The discontinuance of the action, the extension of time in which defendant was to pay the insurance, and the compromise of a doubtful claim, were a sufficient consideration. *Page 378 
It is also urged that the trial judge found that when the agreement was entered into, both parties believed the insured was dead. It was also found that notwithstanding such belief the contract recognized, contemplated and provided for the possibility of the insured being alive.
It is to be kept in mind that the present action is limited to the cash payment that was to have been made under the agreement, and in regard to which the defendant was in default at the time it was discovered that the insured was alive. This payment should have been made when the contract was signed, and it was then distinctly agreed that it should not be paid back "in any event," which meant it should not be repaid even if it were subsequently proved that the insured was alive.
In view of all the circumstances, it cannot be said that the parties entered into the agreement laboring under a mutual mistake of fact.
Mr. Pomeroy in his work on Equity Jurisprudence (§ 855, 2d edition) states the correct rule governing this case. "Where parties have entered into a contract or arrangement based upon uncertain or contingent events purposely as a compromise of a doubtful claim arising from them, and where parties have knowingly entered into a speculative contract or transaction, one in which they intentionally speculated as to the result, and there is in either case an absence of bad faith, violation of confidence, misrepresentation, concealment and other inequitable conduct mentioned in a former paragraph, if the facts upon which such agreement or transaction was founded or the event of the agreement itself turned out very differently from what was expected or anticipated, this error, miscalculation or disappointment, although relating to a matter of fact and not of law, is not such a mistake within the meaning of the equitable doctrine as entitles the disappointed party to any relief either by way of canceling the contract and rescinding the transaction, or of defense to a suit brought for its enforcement. In such classes of agreements and transactions the parties are supposed to calculate the chances and they certainly assume the risks." *Page 379 
Again, in section 849, Mr. Pomeroy, after dealing with relief where a party is mistaken as to his legal rights, interests or relations, closes with these words: "It should be carefully observed that this rule has no application to compromises, where doubts have arisen as to the rights of the parties, and they have intentionally entered into an arrangement for the purpose of compromising and settling those doubts. Such compromises, whether involving mistakes of law or fact, are governed by special considerations."

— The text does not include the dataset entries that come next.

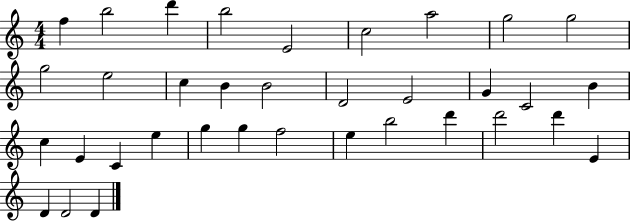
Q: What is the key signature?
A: C major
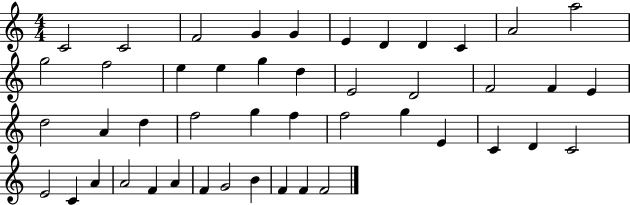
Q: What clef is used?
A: treble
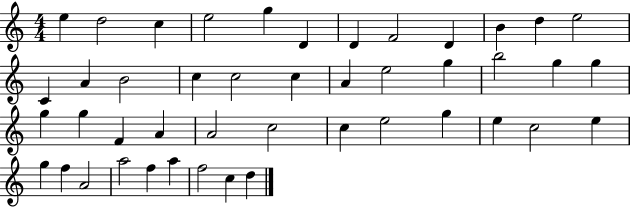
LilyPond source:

{
  \clef treble
  \numericTimeSignature
  \time 4/4
  \key c \major
  e''4 d''2 c''4 | e''2 g''4 d'4 | d'4 f'2 d'4 | b'4 d''4 e''2 | \break c'4 a'4 b'2 | c''4 c''2 c''4 | a'4 e''2 g''4 | b''2 g''4 g''4 | \break g''4 g''4 f'4 a'4 | a'2 c''2 | c''4 e''2 g''4 | e''4 c''2 e''4 | \break g''4 f''4 a'2 | a''2 f''4 a''4 | f''2 c''4 d''4 | \bar "|."
}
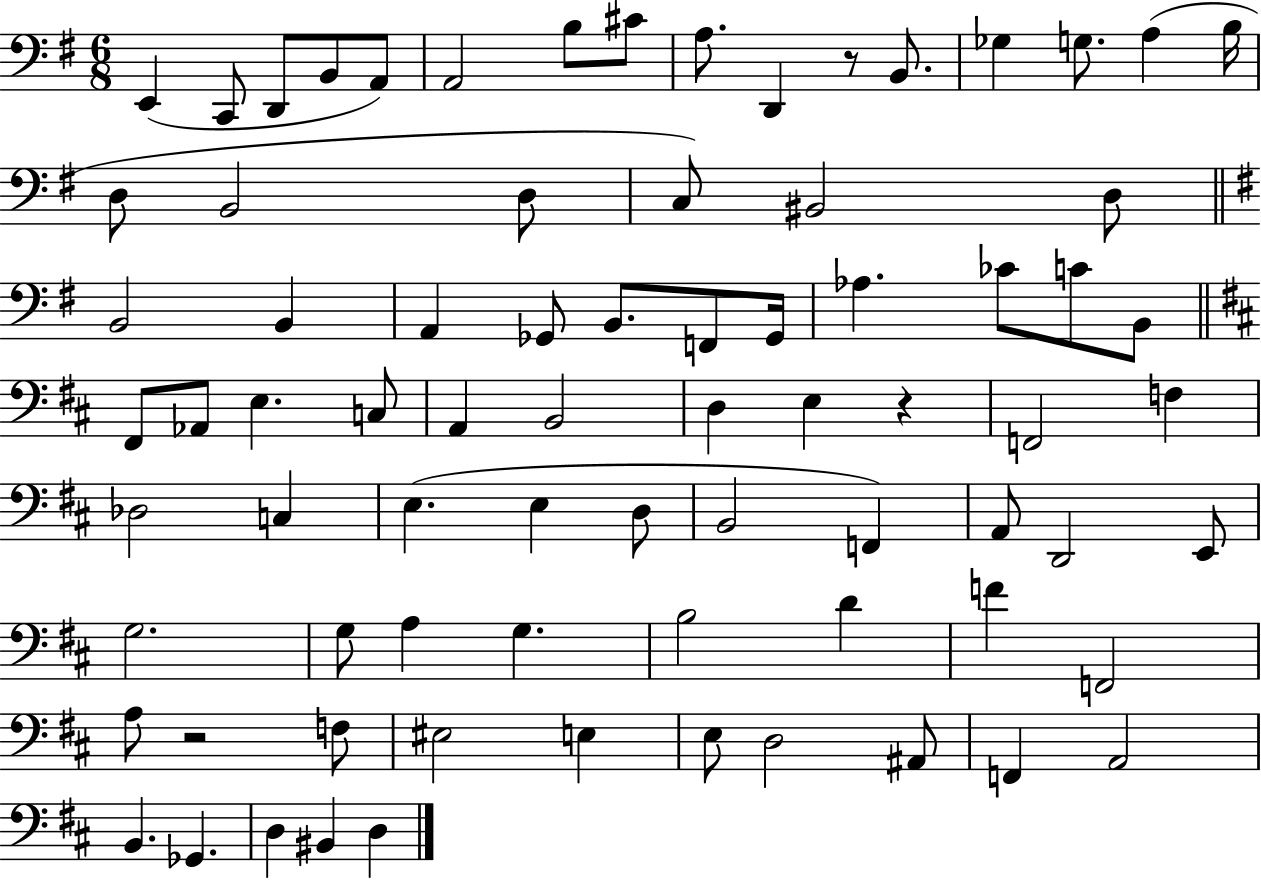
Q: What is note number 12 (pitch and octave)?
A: Gb3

A number of instructive authorities are cited by the learned author under both of these sections.
It may be observed in this connection that the trial court found that there was no fraud on the part of the beneficiary, and, substantially, that she had acted throughout in good faith.
The agreement was in furtherance of a lawful compromise, and enforceable without regard to the validity of the beneficiary's claim under the original certificate of insurance.

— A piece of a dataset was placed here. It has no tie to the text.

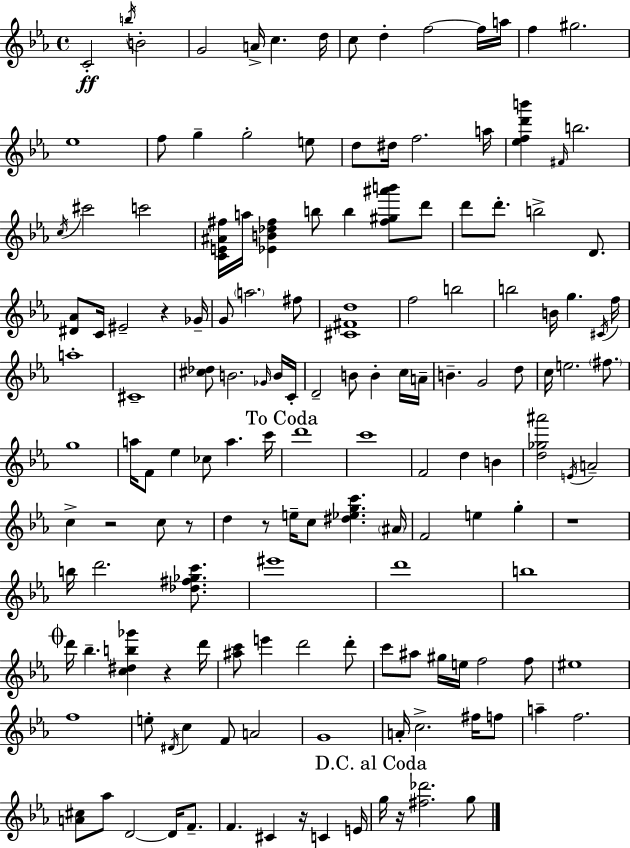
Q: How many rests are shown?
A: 8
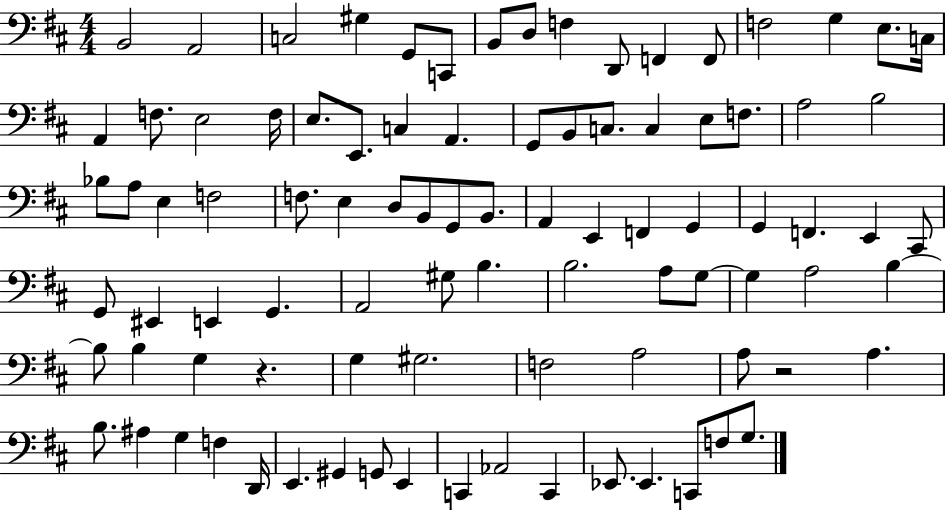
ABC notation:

Compromises of disputed claims fairly entered into are final, and will be sustained by the courts without regard to the validity of the claims. (Wehrum v. Kuhn, 61 N.Y. 623; White
v. Hoyt, 73 N.Y. 505; Dunham v. Griswold, 100 N.Y. 224;Crans v. Hunter, 28 N.Y. 389; Mowatt v. Wright, 1 Wend. 355.)
The defendant, in executing the agreement of compromise, assumed the risk and calculated the chances of being placed in the present situation, and there would seem to be no reason in law or public policy why plaintiff should not recover.

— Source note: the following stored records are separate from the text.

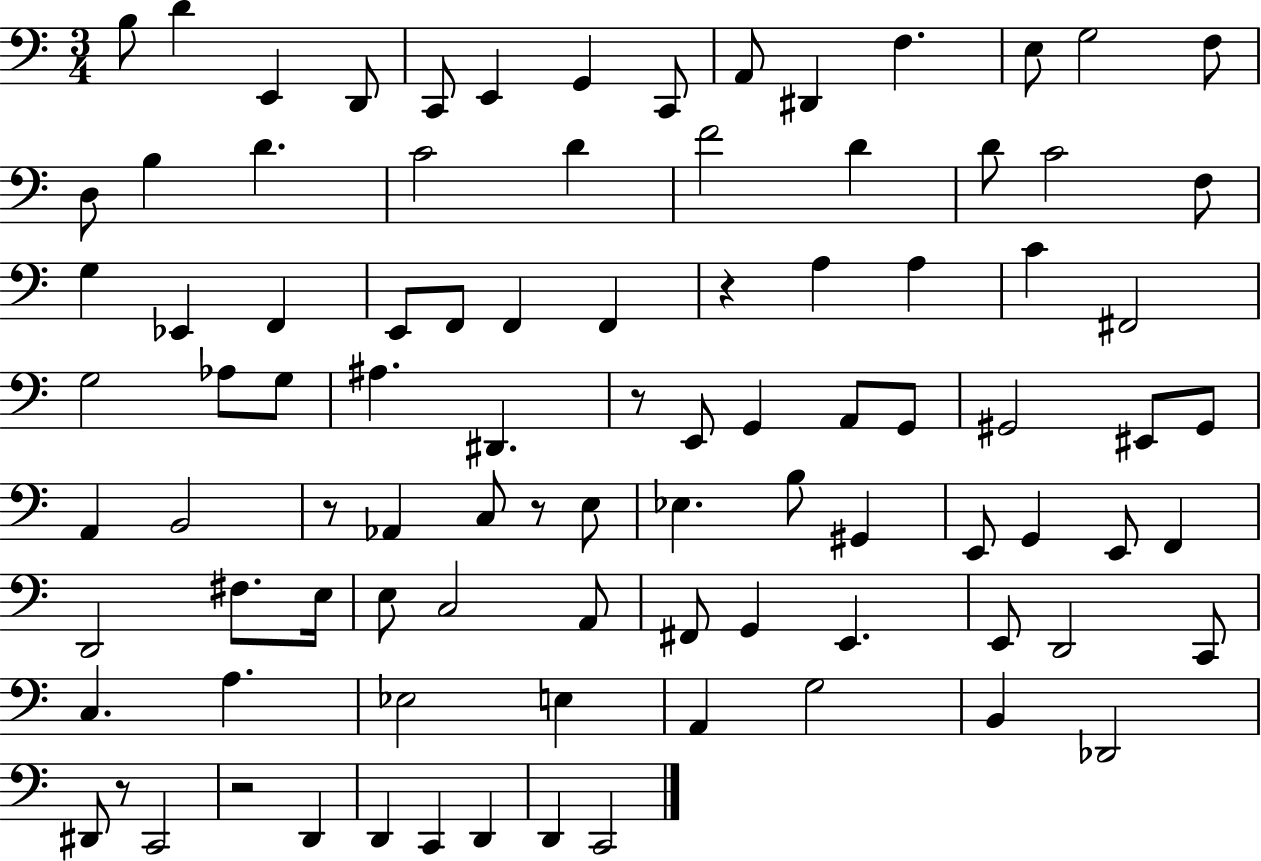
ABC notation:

X:1
T:Untitled
M:3/4
L:1/4
K:C
B,/2 D E,, D,,/2 C,,/2 E,, G,, C,,/2 A,,/2 ^D,, F, E,/2 G,2 F,/2 D,/2 B, D C2 D F2 D D/2 C2 F,/2 G, _E,, F,, E,,/2 F,,/2 F,, F,, z A, A, C ^F,,2 G,2 _A,/2 G,/2 ^A, ^D,, z/2 E,,/2 G,, A,,/2 G,,/2 ^G,,2 ^E,,/2 ^G,,/2 A,, B,,2 z/2 _A,, C,/2 z/2 E,/2 _E, B,/2 ^G,, E,,/2 G,, E,,/2 F,, D,,2 ^F,/2 E,/4 E,/2 C,2 A,,/2 ^F,,/2 G,, E,, E,,/2 D,,2 C,,/2 C, A, _E,2 E, A,, G,2 B,, _D,,2 ^D,,/2 z/2 C,,2 z2 D,, D,, C,, D,, D,, C,,2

It would be a harsh rule, indeed, that would preclude insurer and beneficiary nine years after the insured had disappeared from entering into an enforceable agreement of compromise under the state of facts here disclosed.
The judgment of the Appellate Division should be reversed and the judgment of the Trial Term affirmed, with costs to the plaintiff in all the courts.
PARKER, Ch. J., MARTIN, VANN, CULLEN and WERNER, JJ., concur; GRAY, J., dissents.